Stripped of registration in 2000 after officials complained it was conducting “illegal” religious work with children, the Peace Church has tried several times since then to regain its registration, so far in vain.

The last registered Protestant church in Karakalpakstan, Emmanuel Pentecostal Church, lost its legal status in June 2005. Over 20 Protestant congregations in the region, as well as Jehovah’s Witness congregations, have been denied legal status.

The government insists – in defiance of Uzbekistan’s international human rights commitments – that religious communities must have registration before they can conduct any religious activity. Unapproved religious activity is subject to heavy penalties. In Karalpakstan all non-Russian Orthodox and non state-controlled Muslim religious activity is banned.

Klara Alasheva, Karakalpakstan’s First Deputy Justice Minister, has completely denied to Forum 18 that any religious communities face difficulties. “No-one has any problem registering,” she claimed to Forum 18 from Nukus on 17 September. She made similar comments to Forum 18 in 2005, after the Emmanuel Church lost its legal status. Told that Peace Church has been trying to regain its lost legal status since 2000 and that Protestant and Jehovah’s Witness communities have repeatedly been denied legal status she retorted: “You have been wrongly informed. If registration was take away it was a decision of a court. If they were denied registration it was for a valid reason. We have the Constitution, but we also have the law.”

Asked why – given that the Constitution guarantees religious freedom regardless of whether communities have registration or not – religious believers face raids and punishment for meeting for worship, Alasheva claimed: “Believers can meet in their own home without registration.” Told that in the latest attack on peaceful religious believers the Peace Church was raided on 9 August, she again retorted: “You have been wrongly informed.” She then put the phone down.

The raid on the Peace Church came about the same time as a raid on the Nukus home of Makset Djabbarbergenov, a Pentecostal who is also facing criminal charges to punish him for his religious activity. Police have been stepping up their hunt for Djabbarbergenov.

On 13 September police raided a birthday party for local Protestant Vitaly Suvorov in Jarkurgan, a suburb of the southern town of Termez. The police took all those present to the police station, Protestant sources told Forum 18. Police reportedly told the Protestants they had to arrest someone as they have a “work plan”. One of those detained was reportedly beaten by police. They were not freed until 5 o’clock the next morning.
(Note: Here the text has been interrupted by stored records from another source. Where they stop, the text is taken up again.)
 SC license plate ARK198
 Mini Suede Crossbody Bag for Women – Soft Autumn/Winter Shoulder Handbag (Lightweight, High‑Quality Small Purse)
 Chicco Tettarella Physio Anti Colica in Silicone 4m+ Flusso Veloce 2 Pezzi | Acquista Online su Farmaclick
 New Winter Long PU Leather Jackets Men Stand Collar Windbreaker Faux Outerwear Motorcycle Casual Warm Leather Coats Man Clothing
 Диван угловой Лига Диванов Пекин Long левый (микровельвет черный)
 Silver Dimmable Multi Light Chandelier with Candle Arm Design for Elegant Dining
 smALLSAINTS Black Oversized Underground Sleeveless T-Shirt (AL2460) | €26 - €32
Twelve of those present are facing prosecution under the Code of Administrative Offences, accused of meeting illegally for worship and illegal distribution of religious literature. Books confiscated from them have been sent for “expert analysis”.

Suvorov was among local Protestants attacked by police and secret police in August 2006 when they raided a church summer camp. He sustained injuries requiring hospital treatment.

Meanwhile, the tax police have joined the concerted attempts to crush the Grace Presbyterian Church in Tashkent. The church is also facing the stripping of its legal status and the confiscation of its building.